BENJAMIN TOMASI ist ein österreichischer Musiker und Klangkünstler, der sich seit bald 20 Jahren im Bereich der Sound Art von geografischen, musikalischen und thematischen Grenzen löst. Ausgangspunkt sind poetische Denkanstöße, die die Zuhörerinnen und Zuhörer mit sich selbst konfrontieren sollen. Immer wieder setzt sich TOMASI dabei mit seinem Geburtstort Bozen in Südtirol, mit Religion, Natur, der digitalen Übersättigung, der städtischen Schnelllebigkeit und Unkontrollierbarkeit auseinander. 

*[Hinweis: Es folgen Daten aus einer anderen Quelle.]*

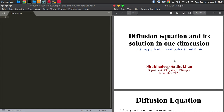Hello friends, today I will show you how to simulate the diffusion equation in 1D by Python programming. I am Shubhadi from IIT Kanpur Physics Department. In physics, diffusion is very common and the diffusion equation we encounter a lot in different aspects of physics.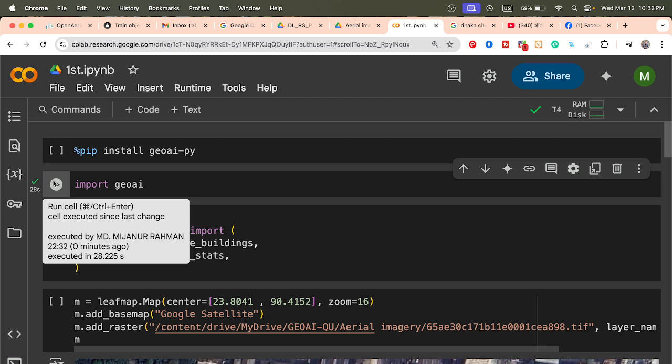First of all, you need to install this package. In Google Colab, simply use pip install geo-ai-py to install it. It takes some time due to dependencies. Before that, change the runtime type to GPU, save it, and then install the package.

In Kollaboration mit seiner Schwester, der Performancekünstlerin CLAUDIA TOMASI, werden seinen musikalischen Installationen körperliche Merkmale hinzugefügt. Gemeinsam definieren sie sich als ein Organ, das in erster Linie künstlerisch und intuitiv auf den jeweiligen Ort, das jeweilige Arbeitsumfeld reagiert. Seit 2016 arbeitet TOMASI außerdem mit SAMUEL SCHAAB für das „sound and media performance duo“ HALL zusammen. Die Räumlichkeit spielt auch hier eine wesentlich Rolle: Im Dezember 2018 wurde für die Veranstaltungsreihe „Sägezahn“ im SCHAUSPIELHAUS WIEN eine spezielle Performance gestaltet und gezielt für das Publikum und die Bühne konzipiert. Im Gespräch mit Julia Philomena äußerte sich der Musiker zur Notwendigkeit von Reisen und Herausforderungen, zu seiner Arbeitsweise mit Licht und seiner Affinität zur Zeitlosigkeit.

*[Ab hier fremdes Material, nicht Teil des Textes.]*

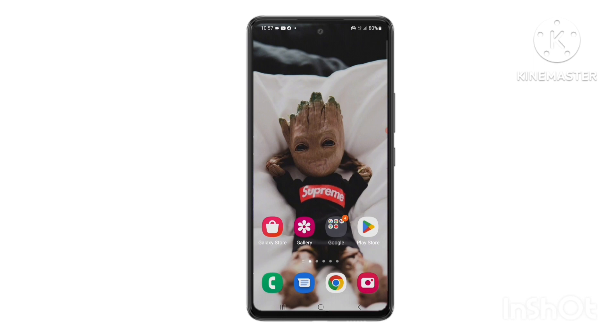Hi there, in this video I will show you two ways you can try to recover deleted photos and videos from your Android phone.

„Ich will kleine poetische Zusammenhänge schaffen, damit die Komplementierung des Ganzen im Kopf der Rezipientinnen und Rezipienten stattfinden kann.“

„The artist does not provide answers, and thus he refers us back to ourselves.” Ein Zitat in Zusammenhang mit Ihrem Projekt „Neustift“ im Jahr 2015. Wie kann man diese Aussage auch unabhängig vom Projekt verstehen?

Benjamin Tomasi: Unabhängig vom Projekt stelle ich immer gerne Fragen in meiner Kunst, mehr als ich Fragen beantworten möchte. Meine Fragen sollen auch nicht unbedingt konkret auf eine Antwort hinweisen, sondern eher auf einen Weg. Eine Tür öffnen. Es geht darum, dass die Betrachterinnen und Betrachter auf sich selbst zurückgeworfen werden. Dabei soll jede und jeder verstehen, was er oder sie verstehen möchte oder kann. Ich will die Leute nicht aufs Glatteis führen. Ich will kleine poetische Zusammenhänge schaffen, damit die Komplementierung des Ganzen im Kopf der Rezipientinnen und Rezipienten stattfinden kann.

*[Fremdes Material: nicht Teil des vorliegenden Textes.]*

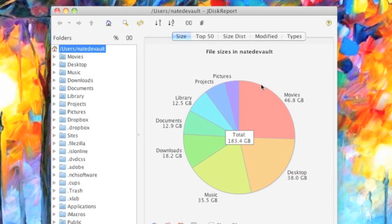For me, I have a bunch of movies, a bunch of stuff on my desktop. You can see it's kind of messy right now. A ton of music, a lot of downloads and documents, whatever projects.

Kannst du den Interpretationsspielraum beim Projekt „Neustift“ schildern?

Benjamin Tomasi: „Neustift“ war eine Installation in Brixen, Südtirol, in einer alten Kapelle, die ursprünglich ein altes Hospiz gewesen war. Dabei war die architektonische Struktur sehr wichtig, die Gegenüberstellung von dem ganz Äußeren der Kapelle und dem ganz Inneren, dem Tunnel. Im äußersten Raum habe ich getrocknetes Moos aufgelegt. Dabei ging es mir um den Zustand der Kryptobiose, wo das Moos weder Tod noch lebendig ist. Im innersten Raum gab es als starken Kontrast eine Soundinstallation. In dem Raum war es sehr dunkel, eigentlich schwarz und sehr laut. Es gab ein riesiges Becken, das durchgehend motorisch beschlagen wurde. Das Einzige, das man gesehen hat, war ein goldener Strich in der dunklen Landschaft, der sich ein bisschen bewegt hat, weil ich das Becken beleuchtete und dadurch der Eindruck von einem Horizont entstand. Sehr spannend fand ich dabei eigentlich den Übergang zwischen den beiden Räumen. Wenn man in einen schwarzen Raum hineinkommt, muss man sich ja immer erst mal an die Dunkelheit gewöhnen, die Augen sind überfordert und in dem Fall kam die akustische Überforderung noch dazu.

Wie waren die Reaktionen?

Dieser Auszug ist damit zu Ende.